Accueil | Editoriaux | Monstres à visage humain

Monstres à visage humain

Faut-il publier les noms et les images des terroristes, au risque de glorifier leurs actes et de leur offrir, morts, une célébrité qu’ils n’ont pas eue, vivants? Le Monde, en France, a décidé de ne plus montrer les visages de la haine, suivi par BFMTV et d’autres. Libération, au contraire, mais aussi Le Parisien, insistent sur la nécessité de ne pas se censurer, au nom du droit à l’information.

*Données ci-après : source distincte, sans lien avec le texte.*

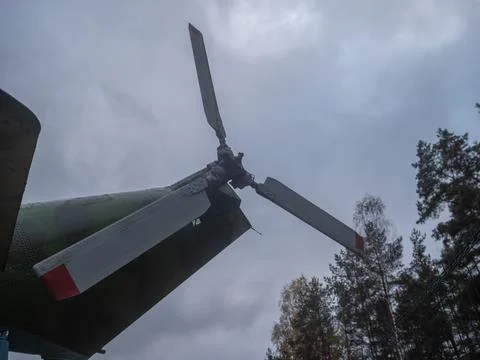 Dramatic sky backdrop highlighting aerodynamic lines and engineering precision Foto stock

Un débat qui porte avant tout sur la responsabilité des journalistes dans leurs choix éditoriaux. Car il est toujours possible de réfléchir au «choc des photos». L’État islamique est passé maître dans l’art de la propagande. Sur les réseaux, il répand son message de haine et communique avec force images et vidéos de ses «héros», sa chair à canon bon marché.

Croire que la non-publication des photos des assassins mettra fin aux crimes est une douce illusion. Si l’homme existe au travers du regard des autres, selon Sartre, pour les assassins, c’est au travers de leurs crimes. Et quand quelques médias triés sur le volet choisissent de ne plus personnifier l’horreur, ils ne montrent plus que le mal a parfois le visage innocent de l’enfance. L’utilisation maîtrisée des images est une information, nécessairement.

Offrir l’anonymat aux terroristes, c’est aussi faire le jeu des complotistes, qui vont jusqu’à mettre en doute l’existence des attentats. Les photos à la gloire des martyrs, fanfaronnant avant de passer à l’acte, n’ont que peu de sens. Mais identifier les tueurs, c’est aussi respecter les victimes, et leurs familles, qui ont parfois besoin de (sa)voir pour faire leur deuil.

On se souvient de Paris Match qui avait publié, en janvier 2015, la photo des corps des frères Kouachi, les auteurs de l’attaque de Charlie Hebdo. «Un document pour l’histoire», avait justifié l’hebdomadaire.

Ce qui est certain, c’est que les médias doivent peser, au cas par cas, le poids de ces informations. Si une photo ou un nom a une valeur pour les lecteurs ou les spectateurs, il est inenvisageable de les en priver a priori. Car les monstres sont aussi des hommes, il ne faut pas l’oublier.